Barkley never hid the fact that he hated supporting superteams. He once stated, while talking about Kevin Durant, “I don’t know him that well, but I’m not a fan of superteams. So listen, if they win it, they win it, but to be perfectly clear, I’m rooting against those guys. I root against all superteams.”
Let’s take a look back at Barkley’s move to the Rockets in 1996 now. He joined to win a ring. The team had Hakeem Olajuwon, Clyde Drexler, and soon brought Scottie Pippen in. None of them young talents by any means. So Oakley wonders where the hatred for players like Durant choosing to join good teams comes from.

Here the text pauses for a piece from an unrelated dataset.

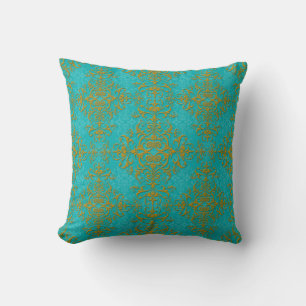 Coussin Motif de style Damask or et Turquoise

The former New York Knicks man spoke about players moving around in the league before singling Barkley out. He said, “You look at (Charles) Barkley, who said everybody team up. He teamed up with Hakeem and Scottie Pippen in Houston. And he always talking about somebody teaming up.”
“The guy’s just some hypocrite on TV, I mean, they’re commentating, they’re not educating people about the game…” Oakley added.
Barkley’s dissent towards superteams may just be bitterness. After all, the franchise he joined, although good on paper, never ended up winning the ring with them. Most of the players were old and past their prime, and after losing to John Stockton’s Utah Jazz in the ’97 Western Conference Finals, motivation derailed.
“I was on a superteam where we were all 97 years old,” Barkley hilariously stated in an interview with Chris Myers once. A clear admission from the Round Mound of Rebounds that the reason his Rockets stint didn’t quite work out was that they just weren’t young and athletic enough.